I received this email from long-time reader Ivin Rhyne, which is so well put that I thought we should all see it (I’m quoting with permission):
I just got back from a conference on historical economics and was absolutely bowled over by the repeated usage of t-tests and p-values as the arbiter of whether an hypothesis is false or not. Allowing for the subtleties of “reject” vs. “unable to reject” my question is more numerical.
My personal understanding of regression analysis to test “fit” a model to the data is as follows:
1. Form a hypothesis
2. Gather some data to test your hypothesis
3. Translate your hypothesis into a form that is mathematically testable (let’s assume OLS regression is a good mathematical expression of your original hypothesis)
4. Using part of your data, calibrate the OLS by running it to get some numerical parameters that then become an intrinsic part of your hypothesis
5. Using the rest of your data (the part you DIDN’T use to calibrate the model) you actually insert the data points for the independent variables and then compare how closely the dependent variable matched the actual values.
ALL of the papers presented at the conference stopped at step 4. Their test of the hypothesis was simply whether the model could “calibrate” to the data in a way that generated coefficients that had “acceptable” p-values.
My questions are as follows:
1. Have I missed something and in fact theirs is the correct approach to hypothesis testing of social science data?
2. If I am right (in principle) about how to test hypotheses, can you point me toward (or perhaps even better lay out in your blog) what kind of test is appropriate for step 5 described above for an OLS regression?
As always, I appreciate your insights.
This nails it. I have rarely seen a sociological or other “soft science” paper venture beyond Step 4. A few make a stab at Step 5, but usually in such a way as to dissolve the force of this Step.
It’s cheating, really, and done by formulating several models, usually the same underlying OLS but with different sets of “regressors” for each model, and then each is tested (crudely) via a Step 5. The one that’s best, or the one that is best within the subset matching an author’s desires, is the one that makes its way to print.

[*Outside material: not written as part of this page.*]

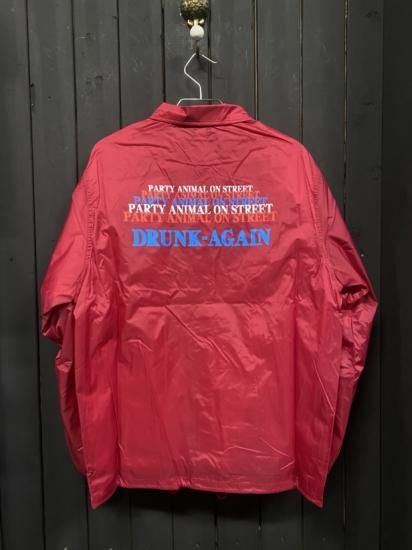 <img class='new_mark_img1' src='https://img.shop-pro.jp/img/new/icons31.gif' style='border:none;display:inline;margin:0px;padding:0px;width:auto;' />Drunk Again Nylon Coach Jacket[RD]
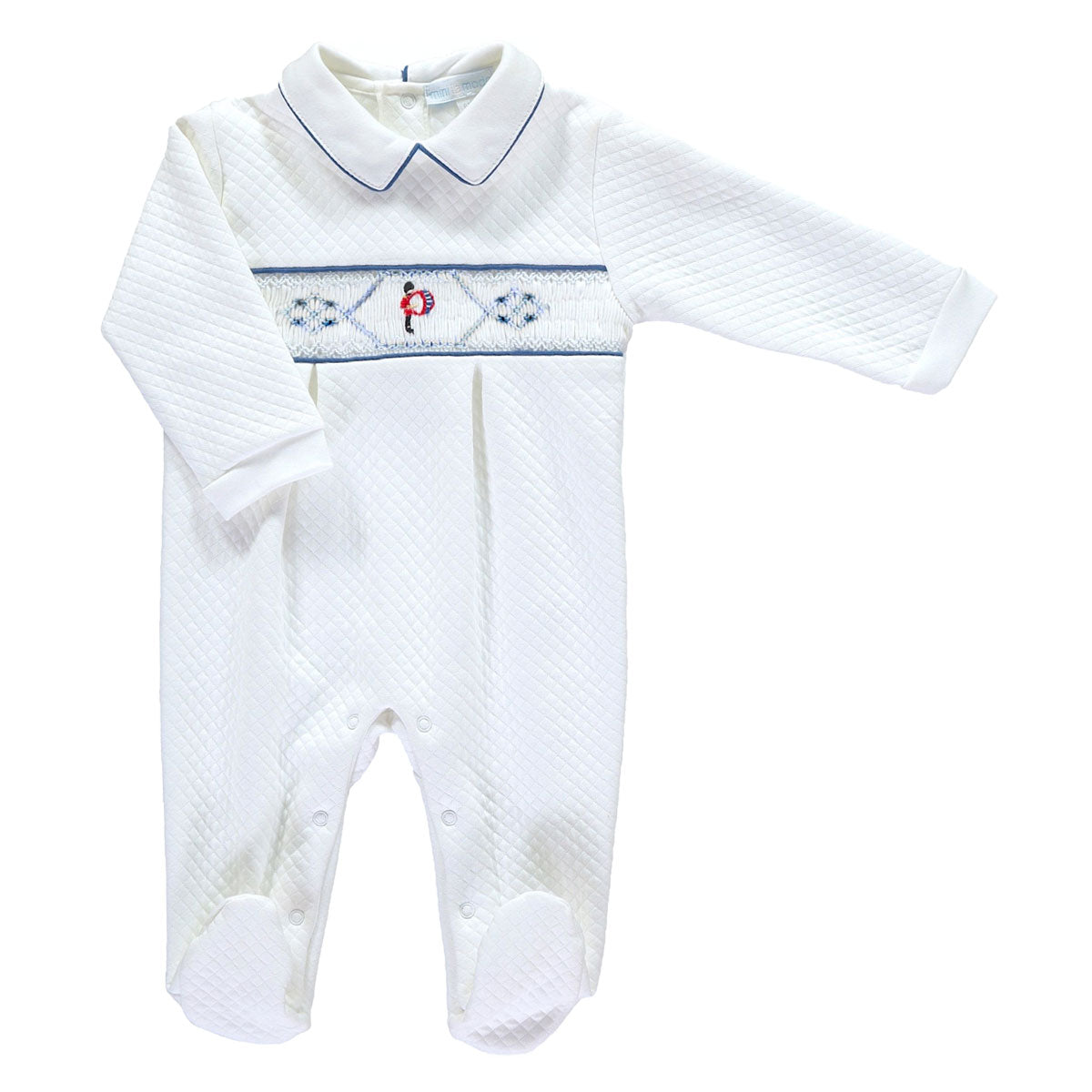 Safari Smocked Footsie Italian Weave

I hope you can see that doing this is just the same as skipping Step 5. Or it’s equivalent with Steps 1 – 4, but with a “meta” model. Regardless, it is using the data you have in hand to massage a model into a shape that is lovelier to the eye. It is not an independent test of your model’s goodness.

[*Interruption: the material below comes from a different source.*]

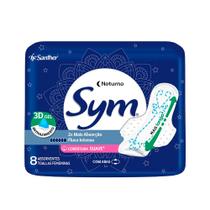Absorvente Sym Premium Noturno Com Abas Suave Com 8 Unidades Absorvente Sym Premium Noturno Com Abas Suave Com 8 Unidades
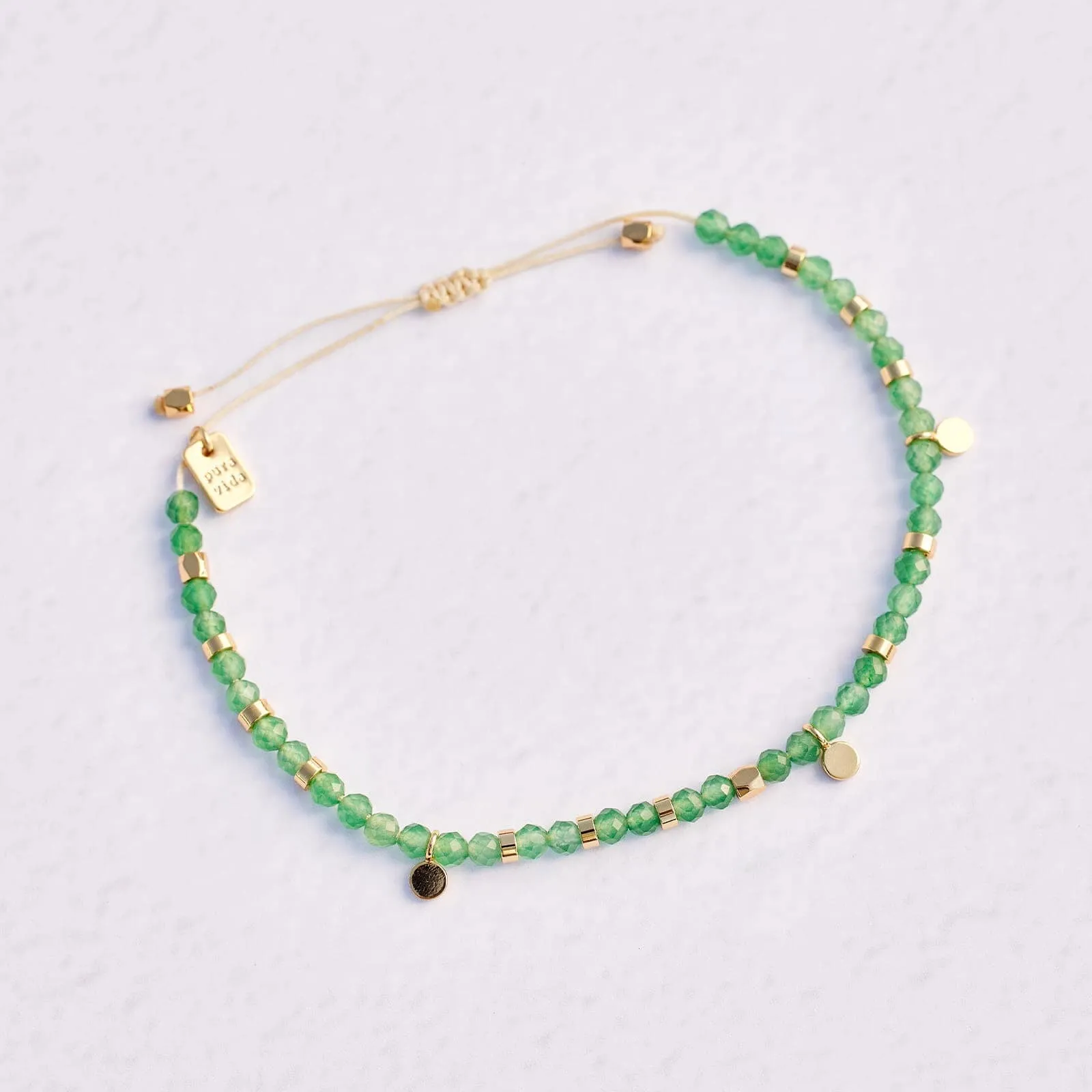 Jade Beaded String Bracelet sold by Pura Vida product image thumbnail 2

Ideally, there is no Step 5—all data you have in hand should be used to construct your model—but there should be a Step 6, which is “Wait until new data comes in and test the model predictively.” All physical sciences do Step 6—with the exception, perhaps, of climatology, where it’s the “seriousness of the charges” that counts.
Passing a Step 6 does not, of course, guarantee the truth of a model. Just look at the Ptolemaic systems of cycles, epicycles, semi-cycles, and so on ad infinitum. Wrong as can be, but still useful. The model passed Step 6 for centuries, which is one of the reasons few thought to question its truth. Don’t mess with what works!

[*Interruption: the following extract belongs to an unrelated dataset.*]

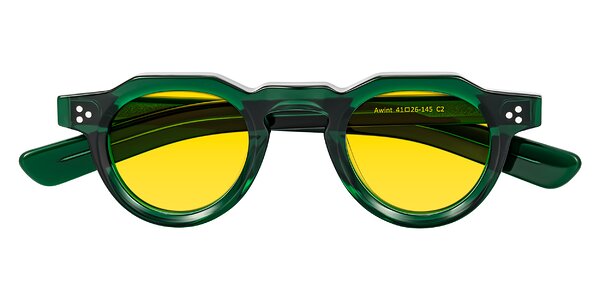 Front of Awint in Emerald Green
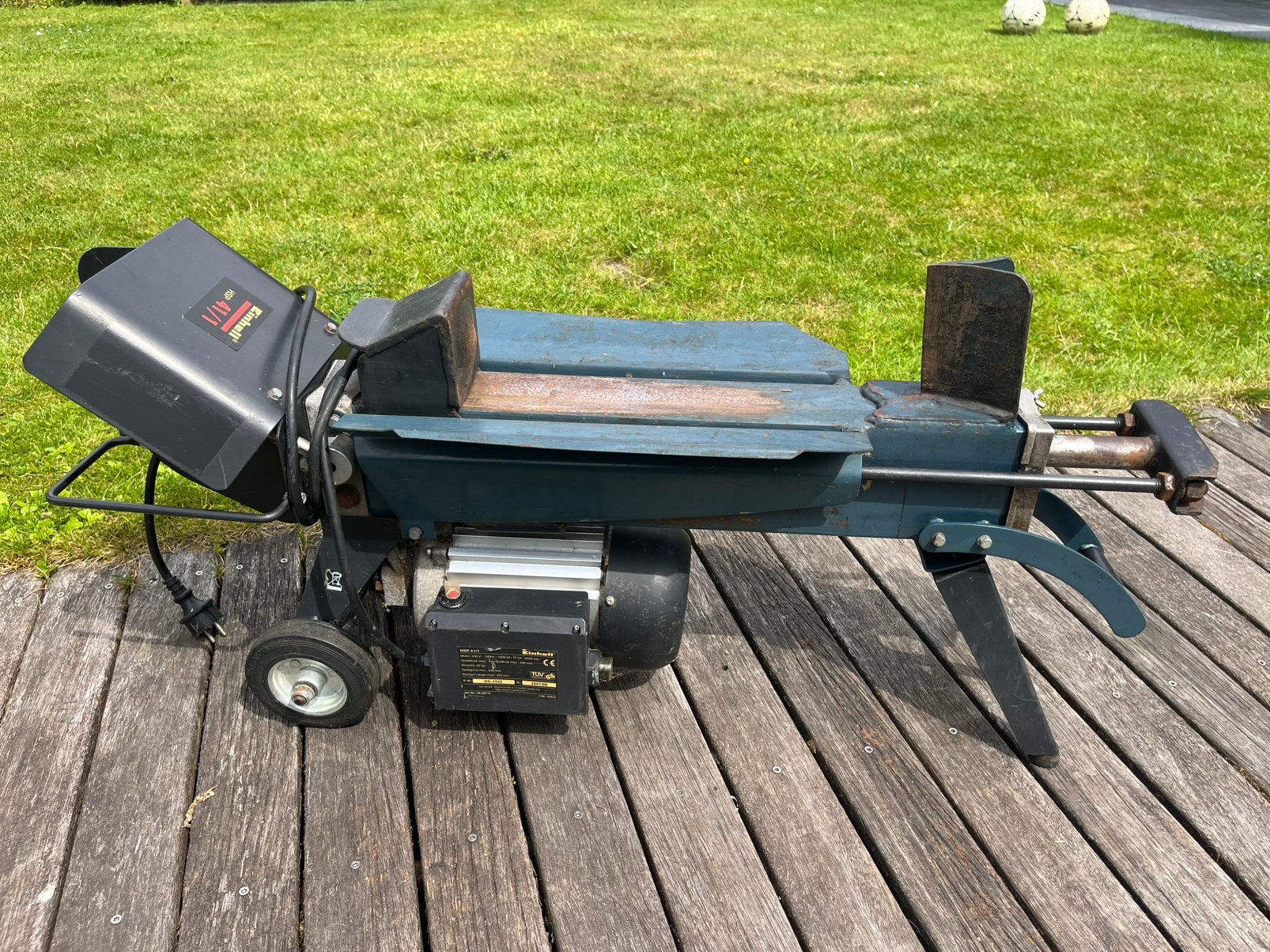 Einhell HSP41/1 kloofmachine, Tuin en Terras, Ophalen, Gebruikt, Elektrisch, Liggend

From this history we learn that passing Step 6 is a necessary but not sufficient condition in ascertaining a model’s truthfulness. Spitting out a p-value (Steps 1- 4) that is less than the magic number is not even a necessary condition; and anyway, the p-value was purposely designed not to say anything about a model’s truthfulness.
We must remember that, for any set of evidence (data), any number of models can be made to explain that data; that is, you can always find models which fit that data. Simply touting fit—as in Steps 1 – 4, and the p-value’s main job—is thus very weak evidence for a model’s truth.
Why aren’t more “Step 6″s being done in statistics? It’s not that it’s difficult computationally, but it is expensive and time consuming. It’s expensive because it costs money to collect data. And it’s time consuming because you have to wait, wait, wait for that new data. And while you’re waiting, your wasting opportunities for “proving” new theories.
Much more to this, of course. For example, why do some models work even when people flub the steps? Because models are chosen with reference to external probative information. We’re obviously just at the beginning of a discussion.